Looking down a bit farther you did find a problem with the
org.Cgriseus.eg() function.  Now I think that is a real bug (not a serious one, but one I intend to look into shortly), with the
org.Cgriseus.eg() function.  Basically your package does not have (and should not have) a org.Cgriseus.egREFSEQ2EG mapping, and yet this silly function is trying to ask about it.  But that is not actually a problem that exists within your package since the offending code for that actually lives in AnnotationDbi.

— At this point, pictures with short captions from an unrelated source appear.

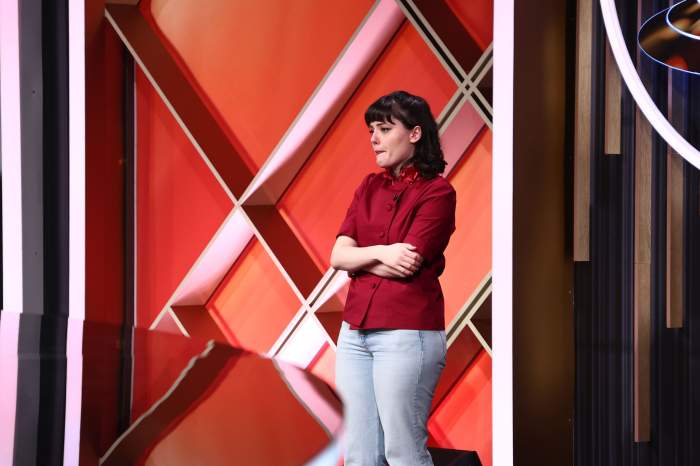 Chefi la cuțite, lider de audiență. Echipele gri și bordo, la egalitate ieri seară.  Conflict puternic al juraților, diseară. Chef Sautner: ”Nu permit nimănui să vorbească așa!”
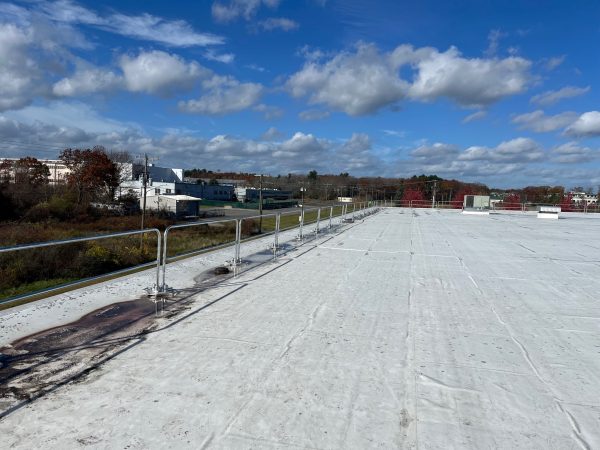 Safety Rail 2000 (SR2K) rooftop guardrail system - Non-penetrating fall protection safety rail - Portable or permanent installation - OSHA compliant - BlueWater SR2000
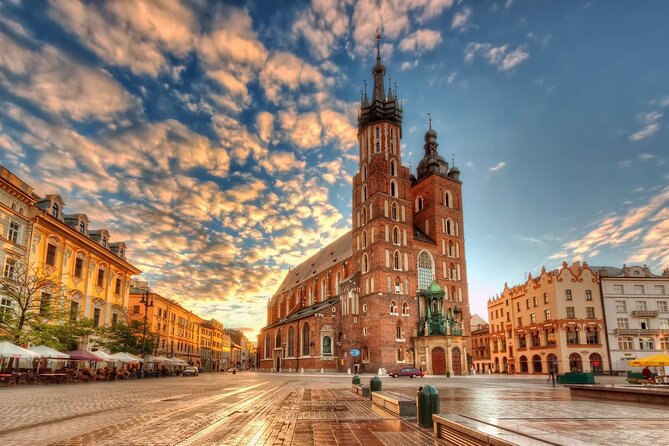 Private Transfer: Krakow Airport to Krakow City Center Vice Versa - Meeting Your Driver Inside The Arrivals Hall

Now you're correct that your package does have the data that could be used for the org.Cgriseus.egREFSEQ2EG mapping, and that this data is exposed via the select method().  It is also available via the org.Cgriseus.egREFSEQ mapping.  But it is still not supposed to have that specific reverse mapping (and it also does not need it since you have a revmap() method).  In fact, none of the old mappings are really needed for anything.  We just generated a few of them for the purposes of maintaining some backwards compatibility.  And to answer your other question the package is actually "made" by just putting the database into the inst/exdata of a very minimalist package template found in AnnotationForge (you can look at in in inst/AnnDbPkg-templates/ORGANISM.DB/ if you want to see it).  The template is altered slightly based on some inputs that are generated from your initial arguments so that the manual pages etc. are all matched to the source material.  So really, the most complicated thing that happens (after the database is made) is actually just generating all the manual pages.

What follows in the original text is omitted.